On his thirteenth birthday, Homer learns that he’s an orphan. He was two and a half years old when Aaron and Linda Meiers got him off an orphan train that came through northwestern Iowa from New York City in 1929.
Homer was devastated. His entire life he’d always thought that they were his real parents. They’d never given him any reason to think otherwise. Homer knew about orphans. They were kids no one wanted. How could he be one? How could that happen to him?
Late the next night, he sneaked into his best friend Jamie Williams’s bedroom, woke and then convinced him to hop on a freight train with him that was going east to New York City on a quest to find his real parents and ask them why they didn’t want him. Jamie thought that was the craziest idea Homer ever had, but Jamie’s bond of friendship with Homer was so strong that he couldn’t let Homer go by himself. Jamie left a note for his parents and the boys walked to the railroad station in town.

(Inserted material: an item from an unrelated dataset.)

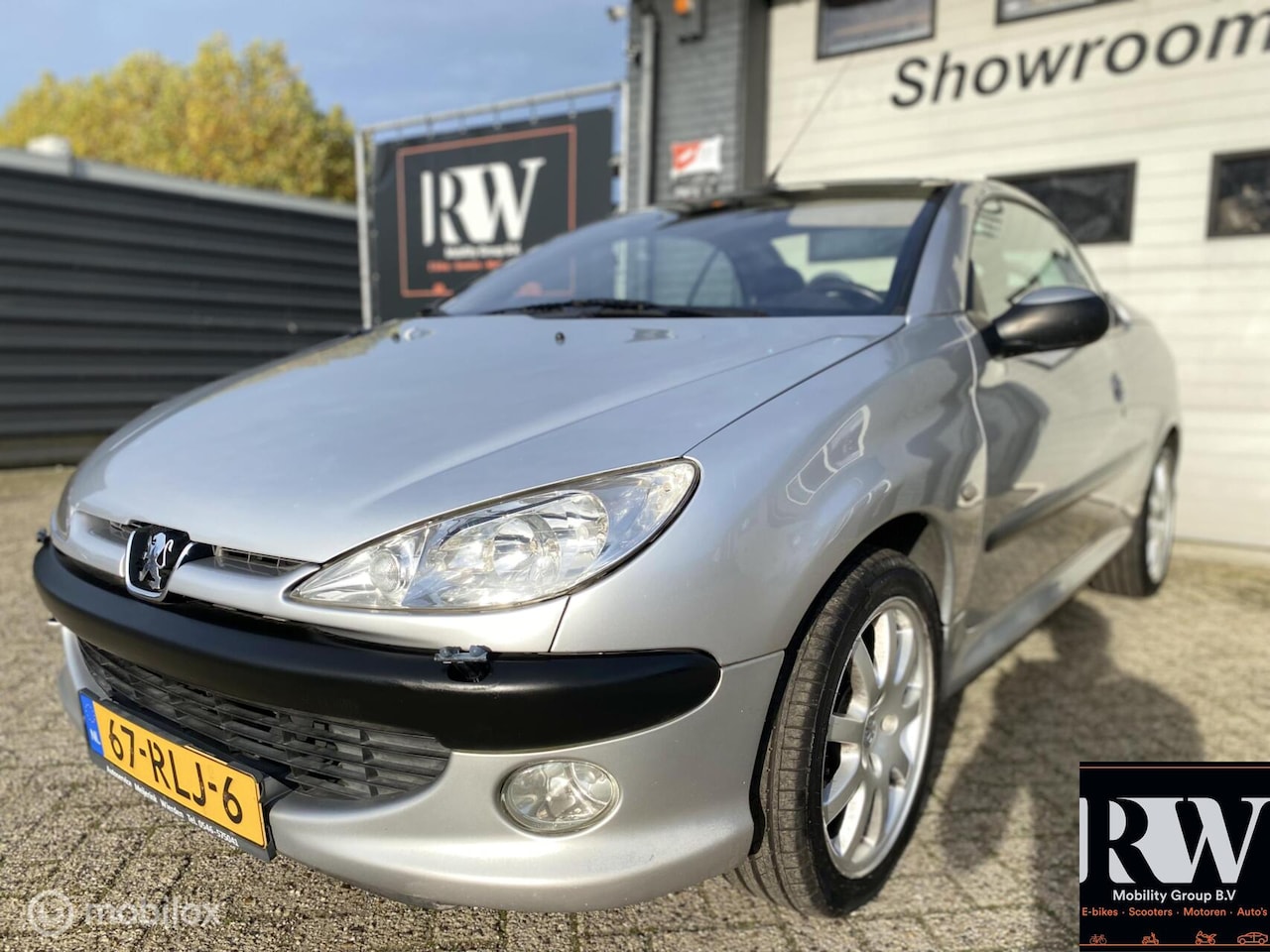 Peugeot 206 CC - 2.0-16V 2.0-16V - AutoWereld.nl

The boys climbed into a box car on a train that appeared to be going east to New York, but by morning it had turned south to Kansas City instead. When they were arrested by a railroad detective who then tried to assault them, they were rescued by a hobo named Smilin’ Jack who became their mentor and guide to New York. In Ohio, Smilin’ Jack died of a heart attack and Homer and Jamie had to finish Homer’s quest alone. Each step of the way, the boys were helped by a variety of people so that by the time they reached New York City, Homer had discovered what a family was and was ready to return to Iowa to his real family.